Which is why Yauch’s death hits so hard, and why your Facebook and Twitter feed is probably full of social media-sized eulogies, and why I’m adding my own. I’m posting it here at Dadnabbit, instead of Popdose or somewhere else, because I think the way Yauch lived his public life offers a sort of object lesson for us as parents — his continued authenticity in the face of an industry, and a culture, really, that so often seeks to seduce it away from you. Any creative person who’s tasted any sort of success can tell you it’s a brain-scrambling experience, and it’s very easy to lose sight of who you really are when you know people are actively expecting you to be…anything.
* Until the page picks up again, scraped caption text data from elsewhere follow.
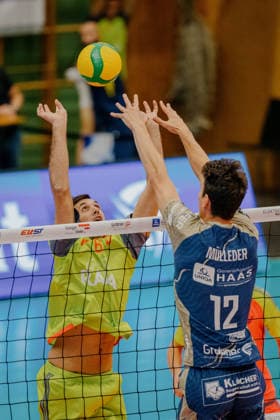 VOLLEYBALL - Coppa Pallavolo Senza Confini HARTBERG,AUSTRIA,01.OCT.26 - VOLLEYBALL - Coppa Pallavolo Senza Confini, TSV Hartberg vs Verona Volley. Image shows Marco Vitelli (Verona) and Stefan Muelleder (Hartberg).  GEPAxpictures xRomanxKoenigshofer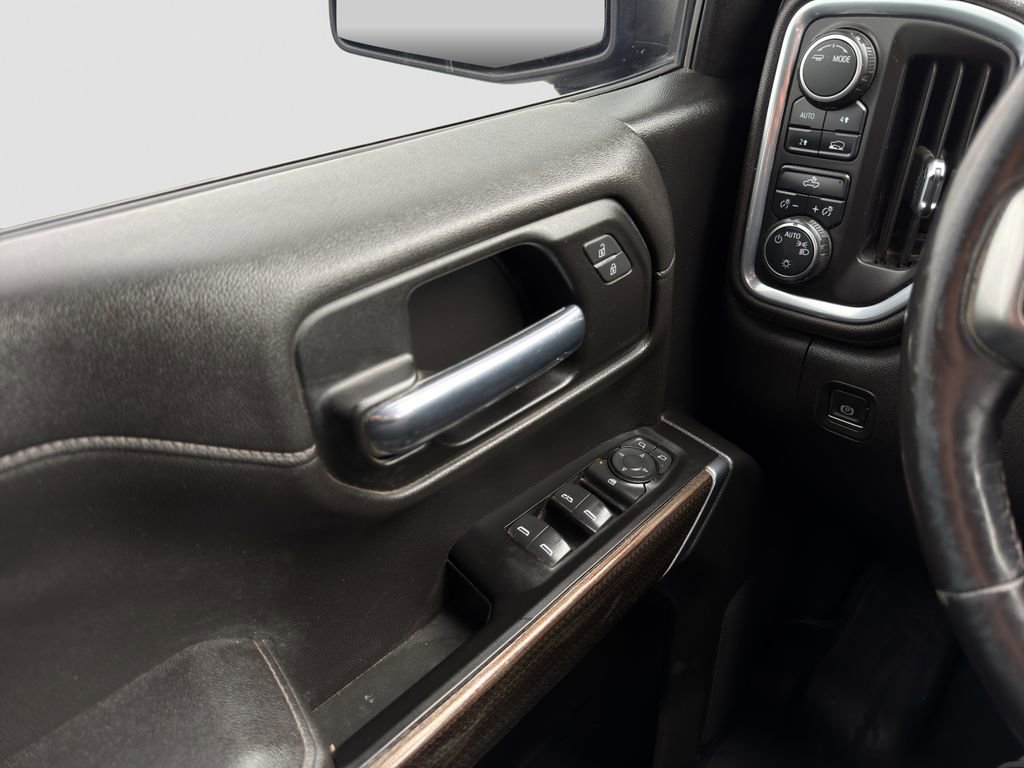 Used 2022 Chevrolet Silverado 1500 LT AWD/4WD image 26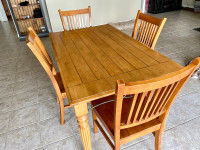 Tables de cuisine en bois et fer forgé avec 4 chaises
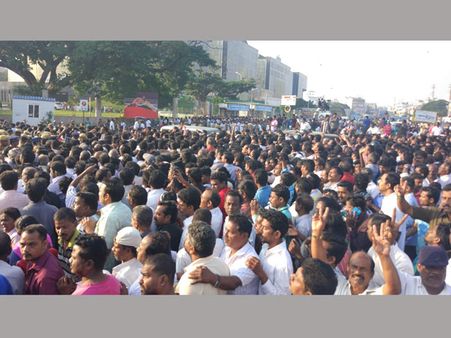 కిక్కిరిసిన రాజాజీ హాల్: చెన్నైకి రానున్న రాష్ట్రపతి, ప్రధాని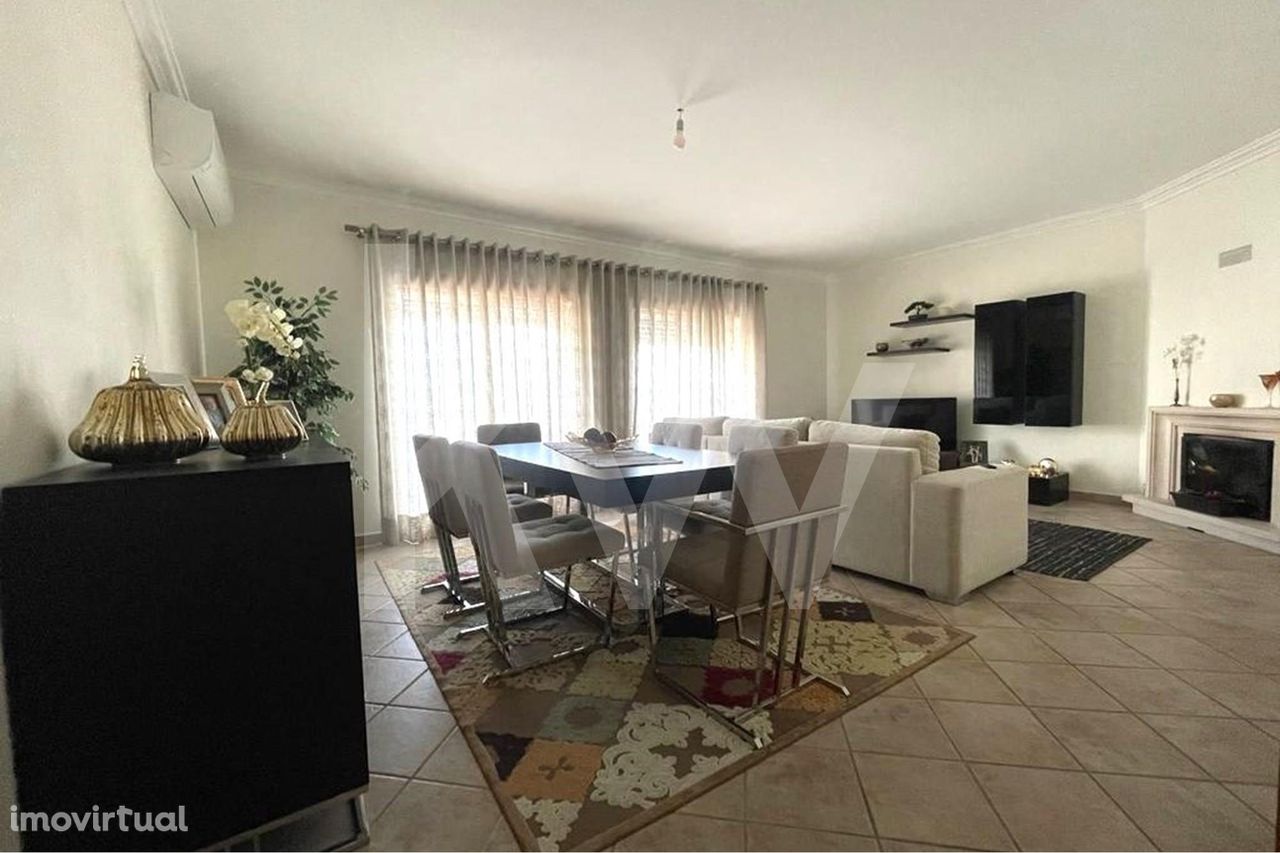 Apartamento T3 Duplex em São Martinho do Bispo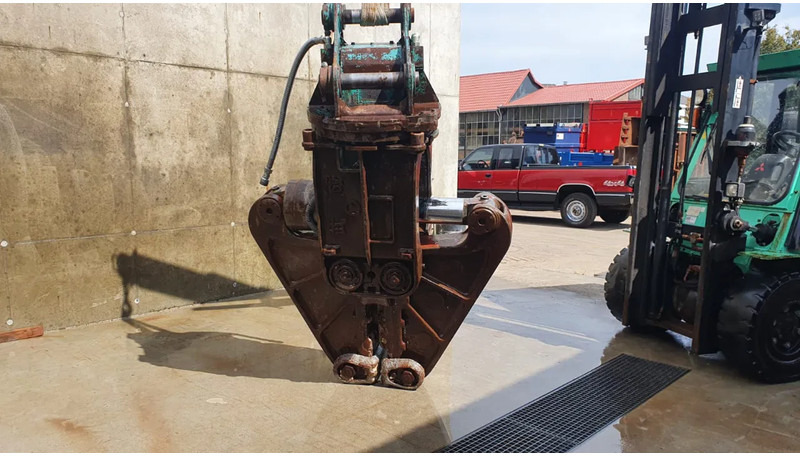 Komatsu JCYC17 schrootschaar en betonvergruizer - 철거용 가위 건설기계 용 : 사진 3 Komatsu JCYC17 schrootschaar en betonvergruizer - 철거용 가위 건설기계 용 : 사진 3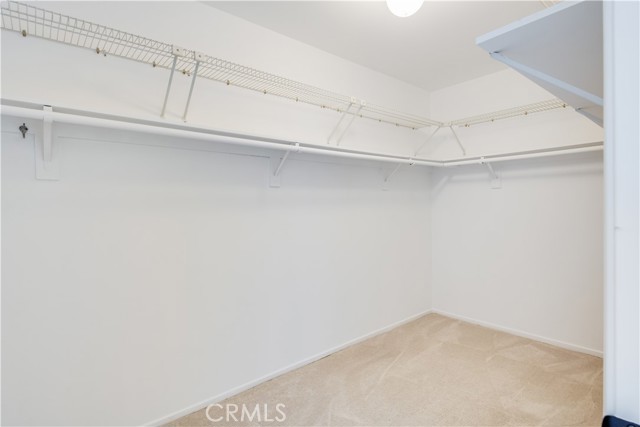 Large Main Bedroom walk-in closet Large Main Bedroom walk-in closet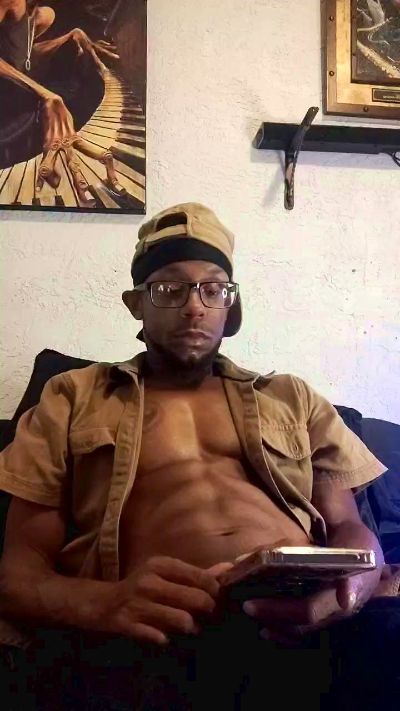 Shawnruiz41 live cam on Cam4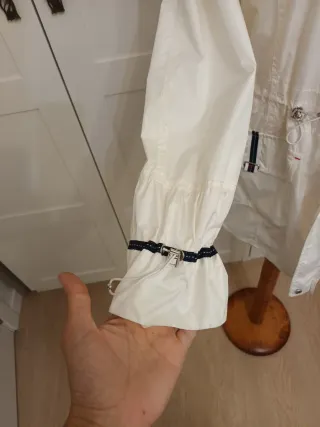 Chaqueta impermeable mujer blanca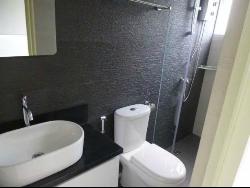 Paya Lebar Crescent (D19), Terrace #36092582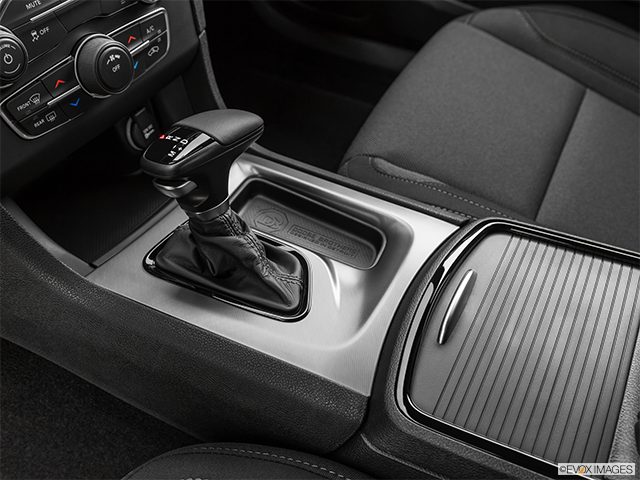 2023 Dodge Charger | Gear shifter/center console
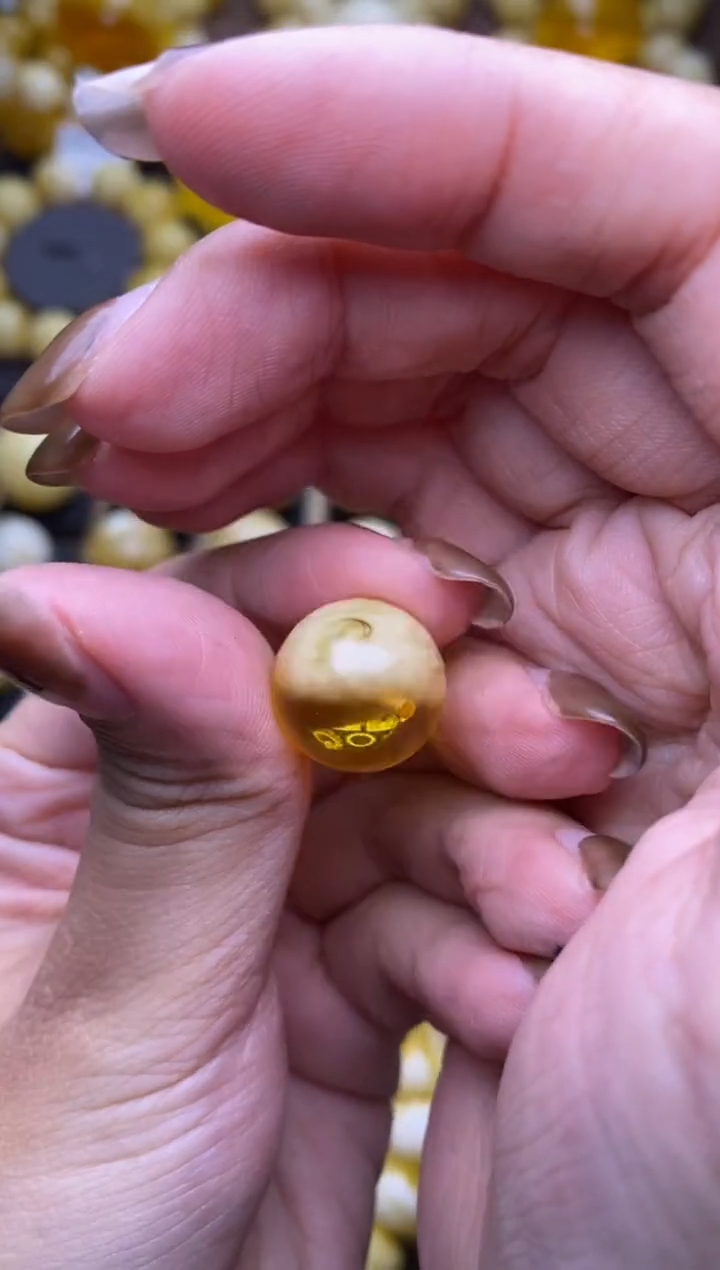 【闪购商品】琥珀裸石未镶嵌大小姐珠宝严选31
It isn’t too much of a stretch to say that parenthood is the same way, is it? I don’t think so. And while there are plenty of Beastie Boys songs I’m not in any hurry to play for my kids (although they do giggle mighty hard at “Brass Monkey” and “Shake Your Rump” — thanks again, Readeez), once they’re older, you can bet that will change. Partly for reasons of nostalgia, of course (hey, I’m still just a child of the ’80s), but also because I think we can never have enough examples of people who are brave enough to grow, and confound expectations, and achieve success on their own terms. Yauch died far too young, but he left behind several lifetimes’ worth of art and a handful of timeless lessons. Thanks for everything, MCA.